The Wall Street Journal’s Christina Binkley comments on controversy over the recently released H&M fashion collection based on the Lisbeth Salander character in The Girl with the Dragon Tattoo. It is an important and thoughtful item. See below:
Fashion, Rape Survival, and The Girl With The Dragon Tattoo
By Christina Binkley
There is an undercurrent of disquiet surrounding H&M’s “Girl With The Dragon Tattoo” fashion collection, which will debut next week, aligned with the coming opening of the movie version directed by David Fincher.
The first I heard of it was in a series of disgruntled tweets. A (male) friend in London argued that a mass-market clothing line was the antithesis of Lisbeth Salander – a lonely young woman who has been so harshly and sexually abused that she has retreated into a dark, genderless, punk shell of a life — with a tough-but-listless wardrobe to match.
Yes, Lisbeth is a fictional character. She is The Girl with the Dragon Tattoo, who exacts terrifying revenge on tormentors. She is also one of the most resonant characters to emerge from modern fiction.
To know her from the books or films is to pity the girl while admiring her steely inner strength. Legions of men and women – the books sold 27 million copies, according to Wikipedia — identify with Lisbeth, some relating their own traumas to hers. Anyone who bases a product on her image is likely to be confronted with some fans’ strongly held feelings.
Blogger and writer Natalie Karneef, who says she is a rape survivor herself, has penned an “open letter” to H&M. She looks at the retailer’s commercial effort in stark terms with disturbing connotations, more as a rape-survivor-with-a-dragon-tattoo collection than cute affordable clothes aimed at style-conscious young people.

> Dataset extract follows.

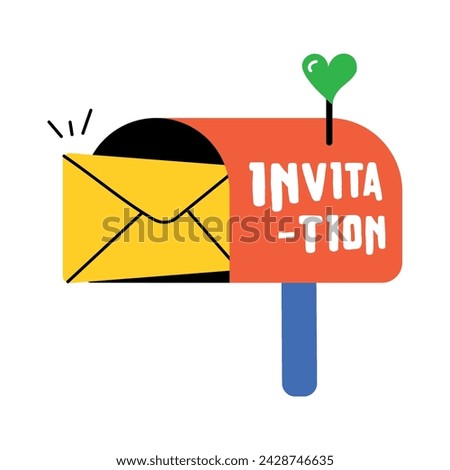 Trendy flat sticker of invitation mailbox 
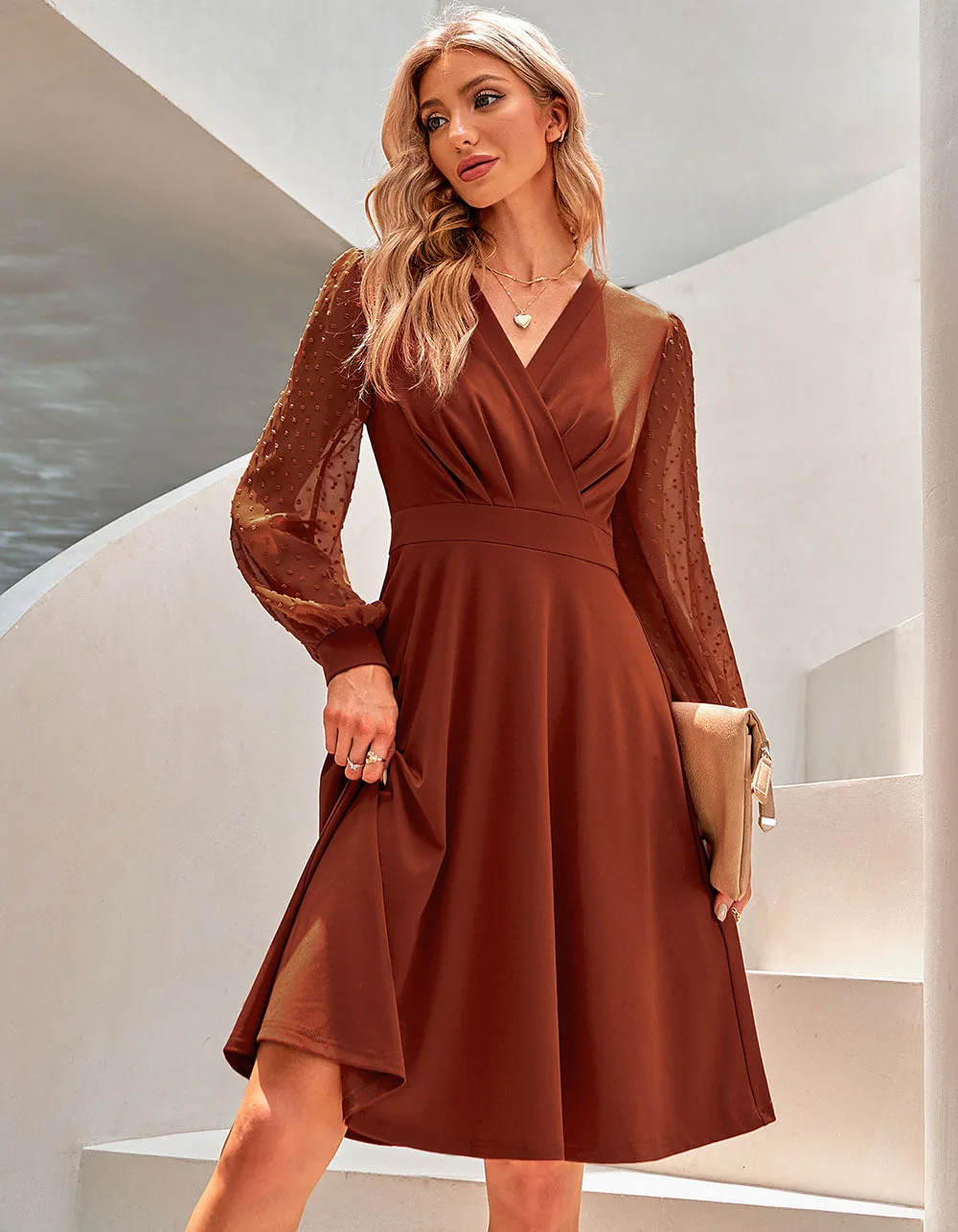 V-neck Solid-color Jacquard Long Sleeve A Line Dresses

Karneef asks if the Swedish retailer has considered how rape survivors approach the task of dressing, ever-after second-guessing their own choices of skirt length and neckline. She writes:
“Lisbeth has been through hell, and her clothing is her armor. That’s her choice, and it’s an understandable choice. But you glamorize it, putting a glossy, trendy finish on the face of sexual violence and the rage and fear it leaves behind.”
We’ve asked H&M for a response, and will post it as soon as we hear back. Lisbeth’s creator can’t weigh in. The author, Stieg Larsson, died in 2004 at age 50.